The rewritten attribute command runs a four-phase pipeline with per-phase
diagnostics. Phase 1 attempts direct extraction from all three layers and reports what
each one found. Phase 2 queries the registry for known mark_ids matching any partial
evidence. Phase 3 runs L3 verification against candidate mark_ids, testing whether the
semantic patterns in the leaked text match a specific mark. Phase 4 runs Bayesian fusion
over all candidates and produces the ranked output.
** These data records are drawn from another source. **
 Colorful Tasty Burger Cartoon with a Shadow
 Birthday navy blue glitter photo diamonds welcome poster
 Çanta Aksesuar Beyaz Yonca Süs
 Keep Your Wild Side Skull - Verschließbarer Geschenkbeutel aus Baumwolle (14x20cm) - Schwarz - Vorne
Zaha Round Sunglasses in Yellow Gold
Each phase prints a structured summary. If L1 extraction fails, the diagnostic states "L1: no zero-width characters found (likely stripped)." If L2 partially succeeds, it reports "L2: 67 of 98 bits recovered (68% confidence), best candidate: <mark_id>." If L3 matches a known mark, it reports "L3: synonym score 0.83 against mark <id>, punctuation 2/3 bits, spelling 8/12 bits." The operator can see exactly where attribution broke down and why.
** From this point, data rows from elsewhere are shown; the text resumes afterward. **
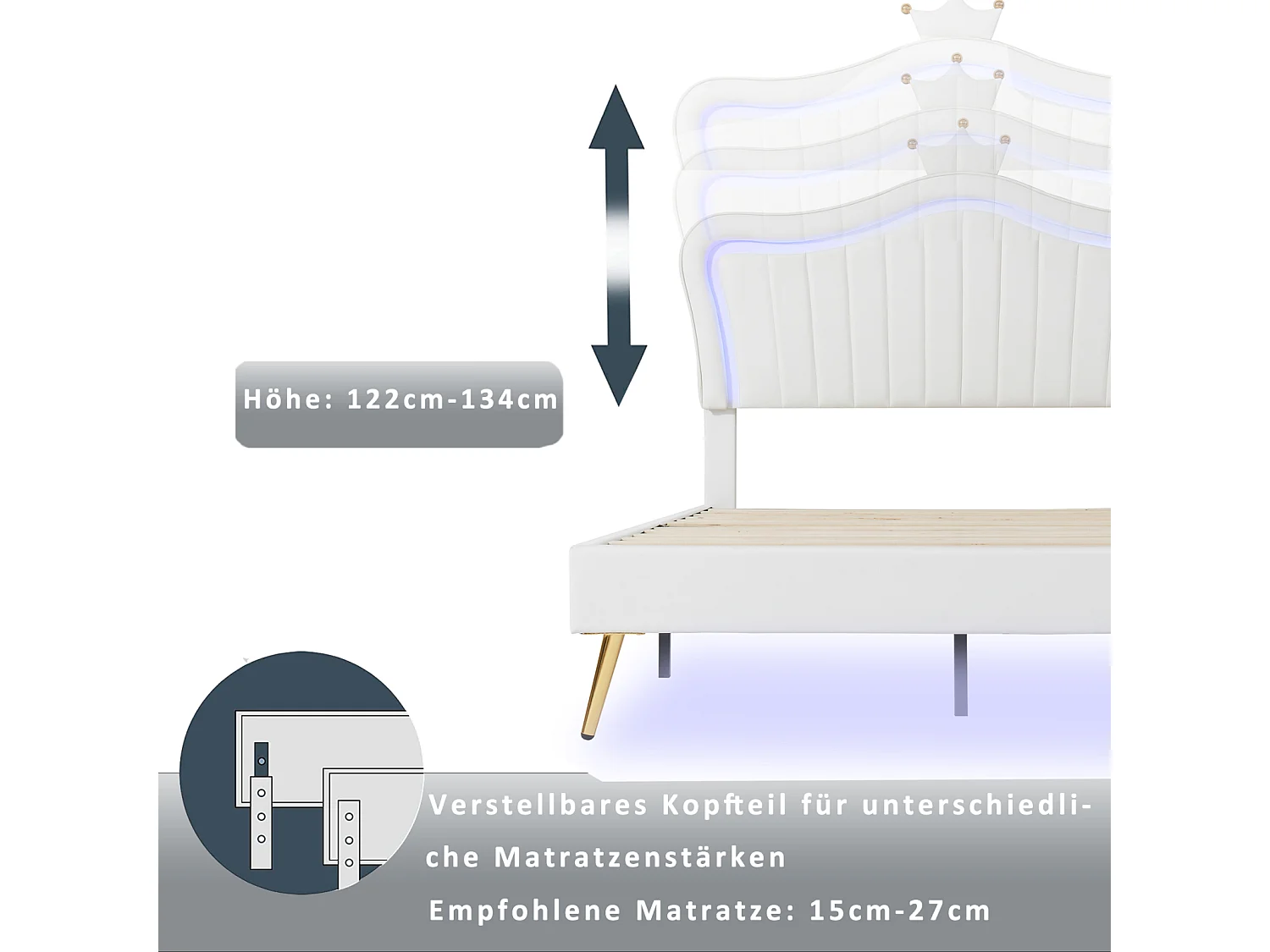 Lit enfant 90×200 cm avec cadre et éclairage LED – Motif couronne, cuir synthétique blanc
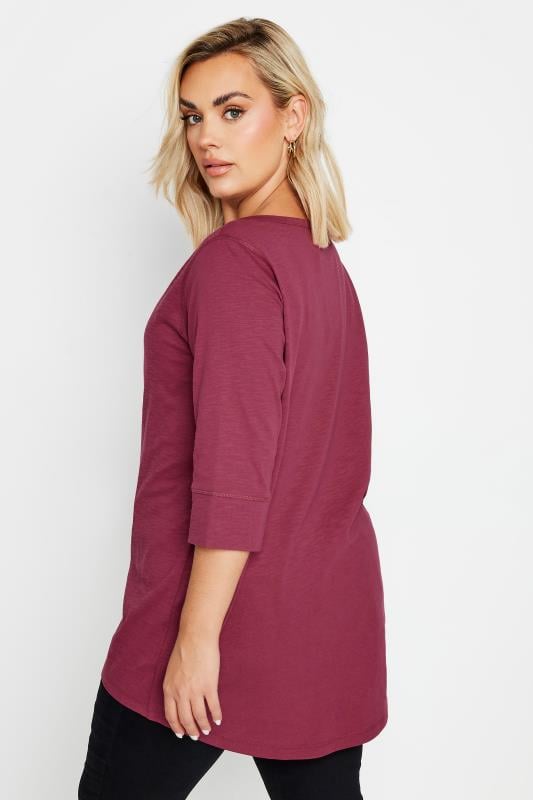 Evans YOURS Curve Burgundy Red Notch Neck Top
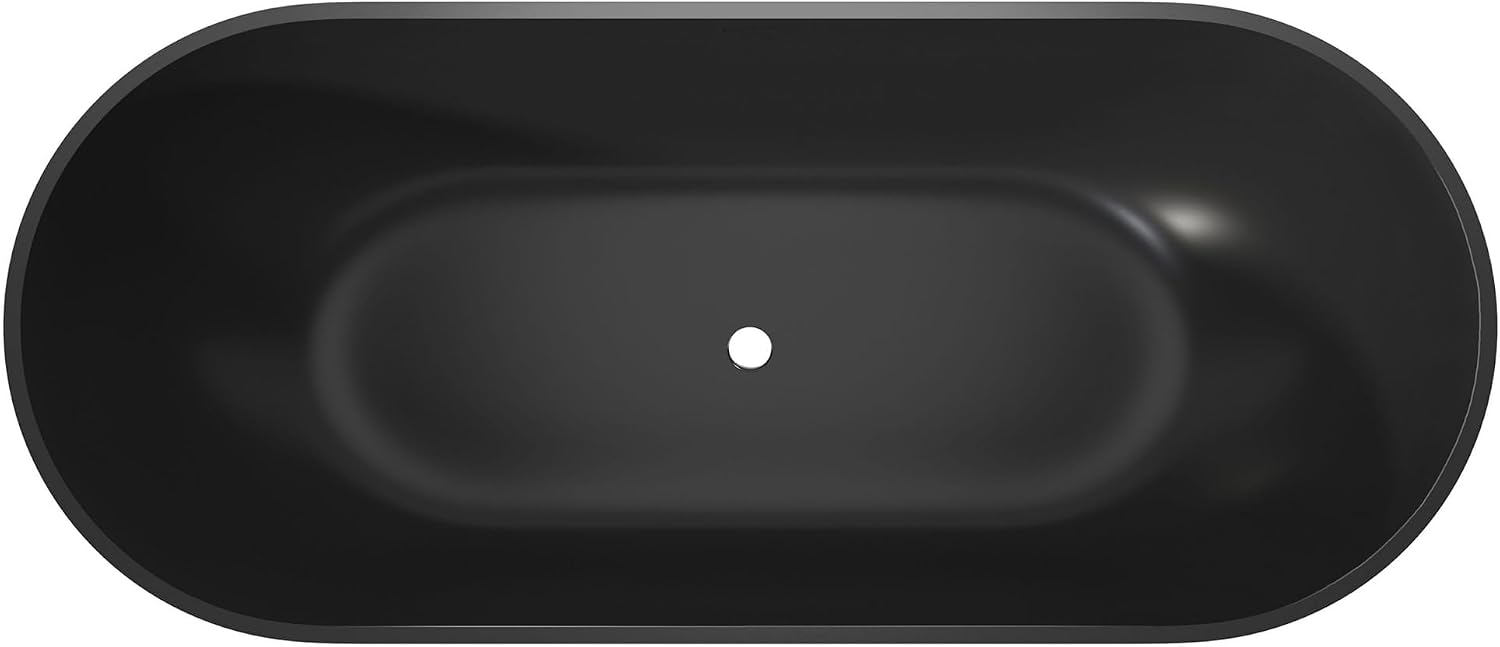 69' Freestanding Solid Surface Bathtub, Matte Black | Resin Stone, Modern Design Stand Alone Tub with Drain, Free Stand SoakIng Tub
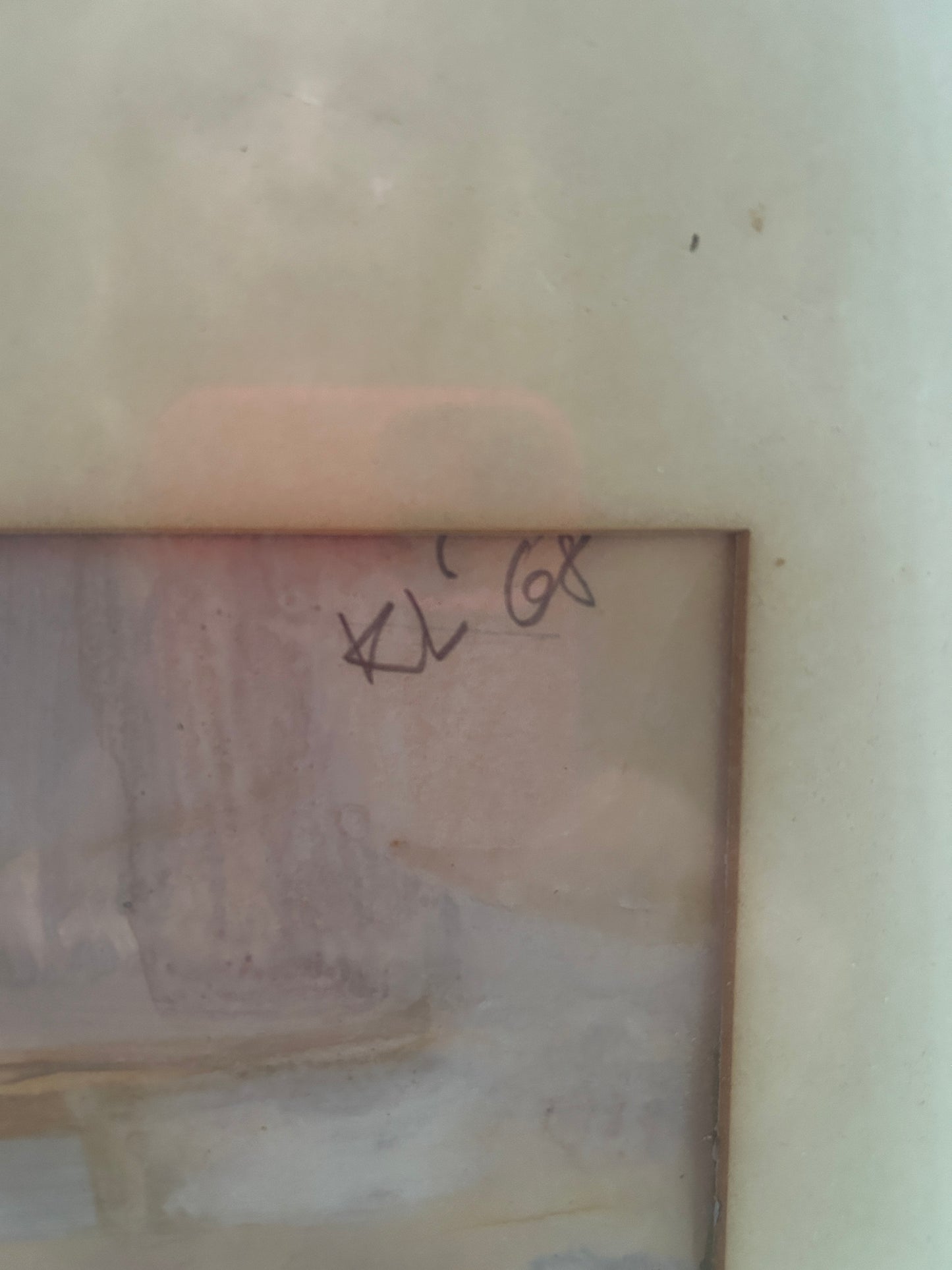 1968 abstract gouache original frame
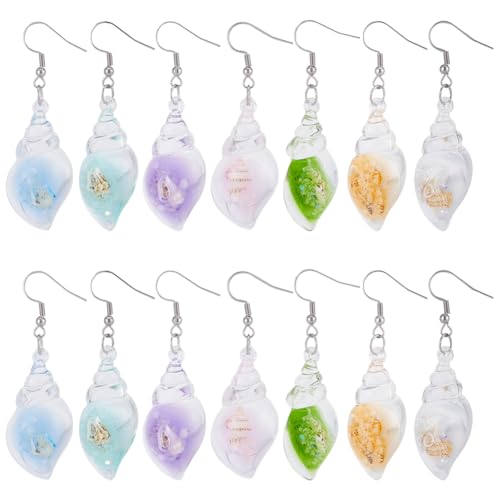UNICRAFTALE 12 Paar Bunte Edelstahl Baumelnde Ohrringe Muschelform Sommer Ozeanohren Bohemian Hawaii Muschel Ohrringe Meeresmuschel Tropfen Ohrring Für Frauen Geschenke Strandparty von UNICRAFTALE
The test that justified the whole effort
The test that convinced me this integration was correct is simple in concept and satisfying in result. Take a document. Seal it with all three layers. Strip all zero-width characters (killing L1). Trim all trailing whitespace (killing L2). Feed the stripped text to the attribution pipeline. Before v0.4.2, this produced "Marks recovered: (none)." After v0.4.2, L3 recovered the mark with a 100% synonym score.
100% is the score for an unmodified document where every synonym-class word still carries its watermark selection. In a real adversarial scenario, the score would be lower because the adversary might also paraphrase or truncate the document. But the point of this test is narrower: it validates that the VM-strip-export attack (open in airgapped VM, strip invisible characters and whitespace, export clean file) no longer defeats Oversight. The L3 semantic signal survives intact because it is encoded in the visible words, not in formatting artifacts.
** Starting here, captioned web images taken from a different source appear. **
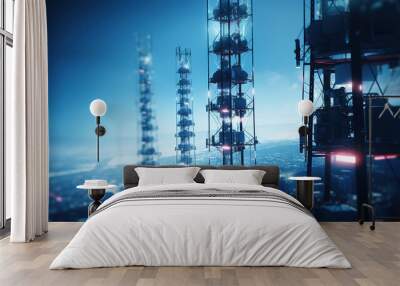 The 5G network towers present a stylish and contemporary design Wall mural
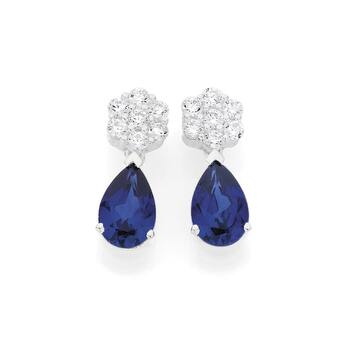 Silver Dark Blue CZ Pear Drop Earrings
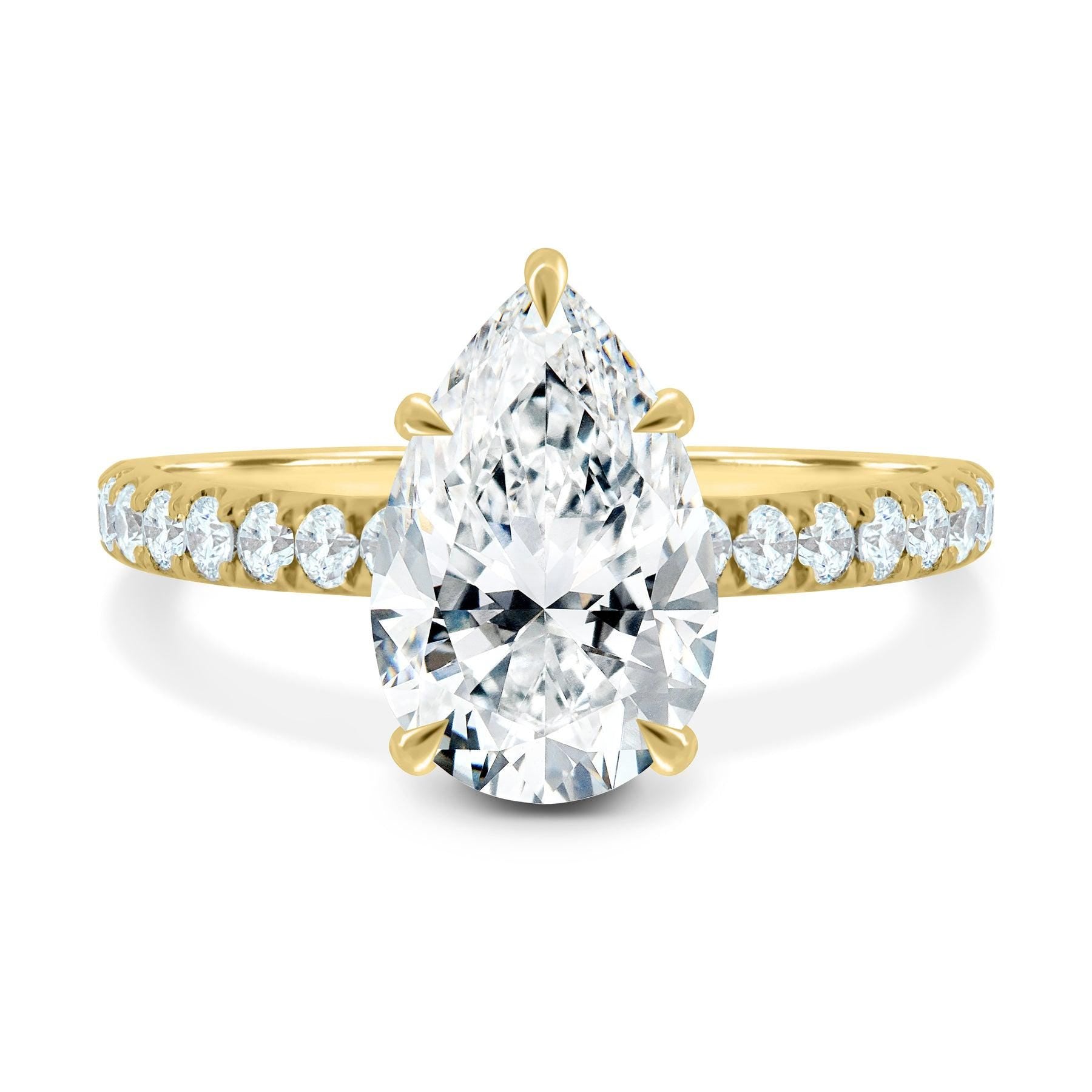 Pear 3.30ct Lab Grown Diamond Hidden Halo ring Engagement ring, D-E-F color, VVS-VS Clarity - IGI Certificate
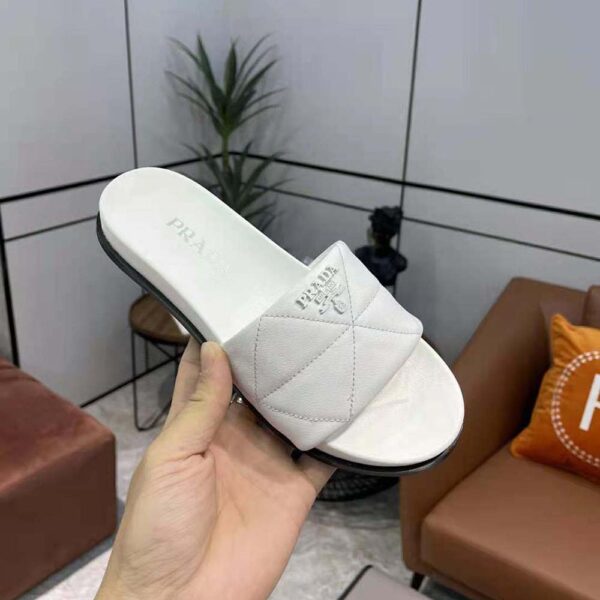 Prada Women Nappa Leather Slides in 20mm Heel-White (9)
This was the gap that made the stub problem dangerous. Oversight's documentation and architecture diagrams described three watermark layers. The code implemented three layers. But only two were connected to the pipeline. An adversary who read the source code would discover that stripping L1 and L2 was sufficient, regardless of what the documentation claimed about L3. Now the code matches the architecture, and the test proves it.
What remains
The L3 integration is necessary but not sufficient. Synonym rotation survives stripping attacks but not paraphrasing attacks. If the adversary rewrites the document in their own words, or feeds it through an LLM with "rewrite this," all embedded marks are destroyed. The next post covers the anti-stripping research and the defenses built in v0.4.3: error-correcting codes over synonym bits, content fingerprinting via winnowing, and the 5-phase attribution pipeline that falls back to server-side fingerprints when all embedded marks fail.
The Rust CLI does not yet embed L3 or compute fingerprints. That work is scoped for v0.5, alongside the Rekor v2 migration. For now, L3 is Python-only, which is acceptable because the Python CLI is the reference implementation and the one used for all current testing.